A mí lo que me tiene con el alma en vilo no es si tal o cual país va a boicotear el evento, o si a la antorcha la apagan unos exaltados al pasar por Benalup de Sidonia (como si eso sirviera para algo), sino cómo será de horrible esta vez la ceremonia de apertura. Con el recorrido vital que una lleva ya a sus espaldas está casi convencida de que no hay forma humana de hacer algo más hortera y aburrido que lo que llevamos visto, aunque supongo que tratándose de China, todo es posible. Es de esas cosas que puedes prácticamente profetizar sin mucho temor a equivocarte: esos dragones sinuosos con miles de chinitos debajo, farolillos de papel, decenas de miles de chinitas vestidas de colores chillones haciendo esa especie de tablas de gimnasia que me traen a la memoria aquellas celebraciones del 1 de mayo de los 60 que nos tragábamos en el Nodo antes de la película. Y mucha pirotecnia, por supuesto.

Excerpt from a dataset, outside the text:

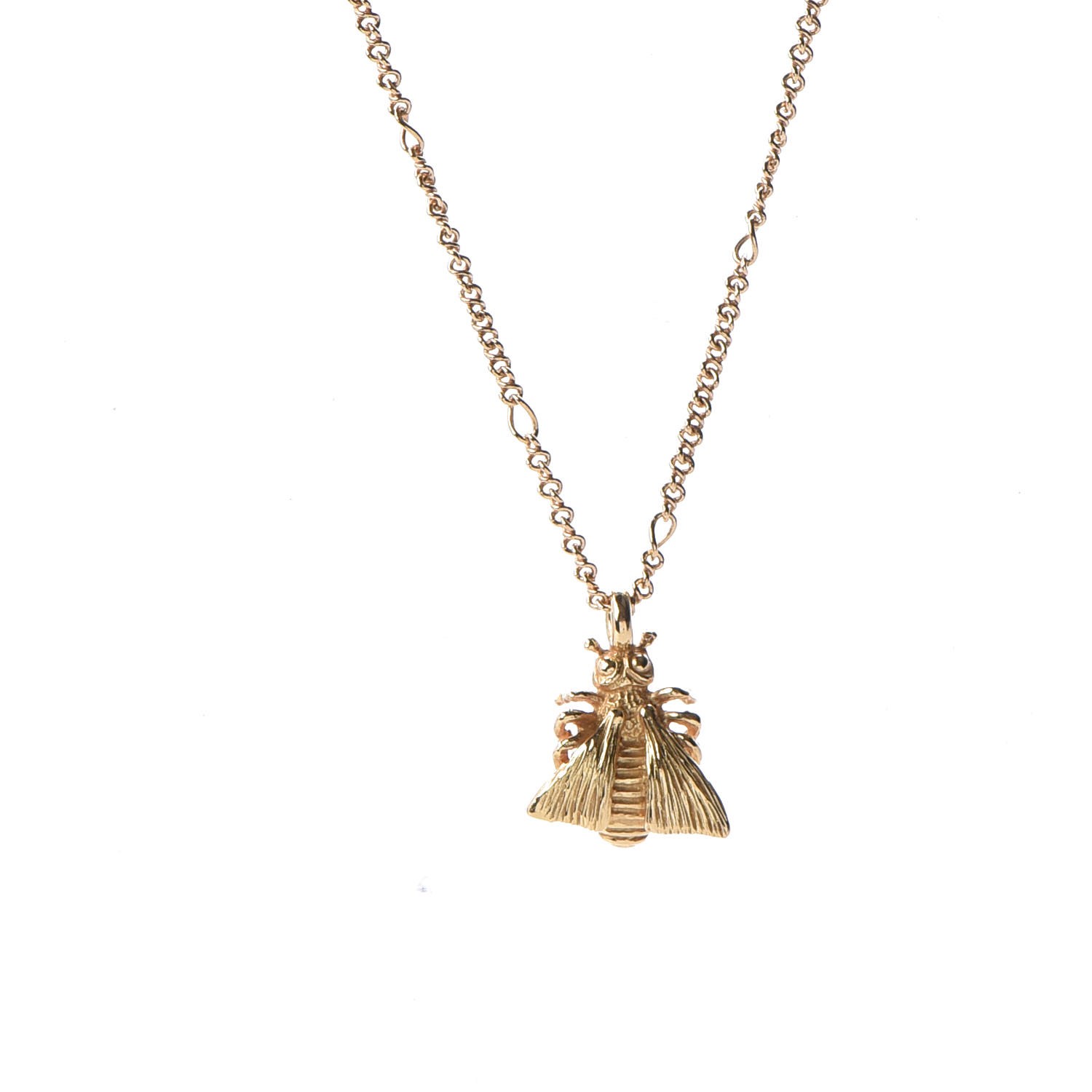 gucci gold bee necklace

Hago una salvedad. El numerito del encendido de la llama de Barcelona estuvo original y emocionante, fuera auténtico o ful. Pero aparte de ese detalle, todas las ceremonias de apertura que me he tragado a lo largo de mi vida en la esperanza de ver algo distinto han parecido calcadas unas de otras, y algunas pasando ya la raya del ridículo.

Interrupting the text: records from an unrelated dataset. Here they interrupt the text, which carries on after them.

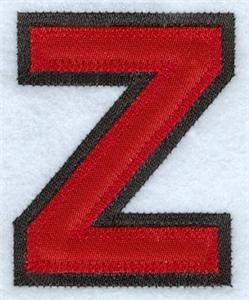 Z - 2 Color Applique 3 inch High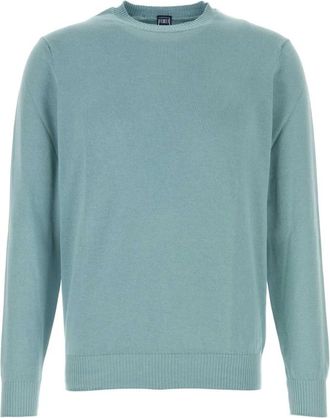 Fedeli Katoenen trui met ronde hals - Heren - Ronde hals truien - Blauw - 2XL - Katoen - Truien & Vesten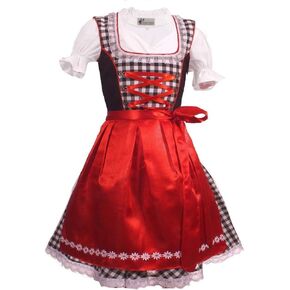 German Dress for Girls Bavarian Dirndl Oktoberfest Children Dress Carnival Halloween Size 2T,4T,6,8,10,12,14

Hasta 2004. En esos días andaba yo por Escocia, y la tarde del comienzo de las olimpiadas me encontraba en un hotelazo de lujo (St. Andrews Bay Golf Resort, cinco estrellas) que está dentro del famoso campo de golf de St. Andrews. Por que os hagáis una idea, fue el lugar que Kevin Costner eligió para su viaje de novios en su segunda boda. No tengo ni idea de porqué aquel viaje incluía aquel hotel, porque no era un viaje especial para aficionados al golf ni nada parecido. Eso sí, los paisajes eran maravillosos, y siempre se agradece pasar aunque sea una noche en un hotel tan lujoso.
Había llegado al hotel a media tarde muerta de cansancio, y aquella enorme cama con su fantástico edredón me llamaba a gritos. Me eché un rato y puse la televisión, y justo empezaba la retransmisión de la ceremonia de apertura de los juegos de Atenas. Y por fin pude ver algo de este tipo que me gustó. El desfile de aquella especie de carrozas donde se escenificaban desde los frescos de los palacios de Creta hasta las leyendas de la mitología, la caracterización de los participantes, que parecían completamente estatuas griegas, el vestuario, la escenografía, todo me pareció precioso.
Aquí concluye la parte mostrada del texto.